Já no Facebook e no Twitter, os usuários ainda mantém preferência pelo jornalismo, embora no Facebook outro fenômeno tenha surgido, com 25% se informando através de pessoas comuns e 28% em canais de jornalismo. Para ler mais sobre a pesquisa acesse: https://mediatalks.uol.com.br/2021/06/27/usuarios-de-redes-jovens-como-snapchat-e-tiktok-preferem-se-informar-com-influencers/

Tal realidade, assim como, a retratada anteriormente, é preocupante visto que dentre os digital influencers e celebridades temos um grande crescimento de personagens que apenas reverberam falas de si, suas opiniões a partir de seus lugares, diferentemente da instituição jornalística que embora cometa grandes erros, como no recente caso das vacinas vencidas, cuja matéria poderia ter sido melhor apurada e o título menos sensacionalista; em sua maioria o jornalismo está preparado para uma apuração dos acontecimentos e uma ponderação entre as opiniões reverberadas, procurando mostrar os vários lados das questões visibilizadas.

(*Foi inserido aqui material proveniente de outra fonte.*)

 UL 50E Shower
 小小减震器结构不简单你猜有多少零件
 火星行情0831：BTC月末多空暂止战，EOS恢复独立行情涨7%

Nesse universo de influenciadores e celebridades digitais percebemos um grande número de mercadores da desinformação que abraçam com grande veemência movimentos negacionistas como o movimento antivacina que vem fazendo grandes estragos no Brasil na atualidade. É bem verdade também, que alguns jornalistas estão mergulhando no ambiente da desinformação e lucrando bastante, como vimos com as revelações recentes do Google e do Facebook para a CPI da Covid-19.

Em todas as realidades aqui mencionadas percebemos o avanço da desinformação, sobretudo, porque envolve o conhecimento das estratégias de marketing digital e das possibilidades ofertadas pelas plataformas digitais, por parte de quem domina tais estratégias, a finalidade dos mercadores da mentira pode ser múltipla e envolver convencimento político, ou,  no atual caso da pandemia da Covid-19, genocídio dos vulneráveis e obviamente, lucratividade impensável em outros tempos.

Em 2018, o Instituto de Tecnologia de Massachusetts-MIT realizou uma pesquisa nos Estados Unidos, publicada na revista científica Science em que apresenta dados que comprovam que fake News ou outras modalidades de desinformação circulam 70% mais rápido do que notícias que tenham a factualidade em sua composição principal. Outra conclusão da mesma pesquisa é de que se a fake News tiver como temática a política, a sua divulgação é ainda 3 vezes mais rápida do que narrativas falsas sobre outros temas. A desinformação, portanto, é muito lucrativa para investe em seu mercado.

Por fim, vale lembrar, para a Covid-19:_ vacinas, máscaras e distanciamento. Para a desinformação:  __ apuração em fontes confiáveis e em múltiplos canais de jornalismo e de jornalismo de checagem.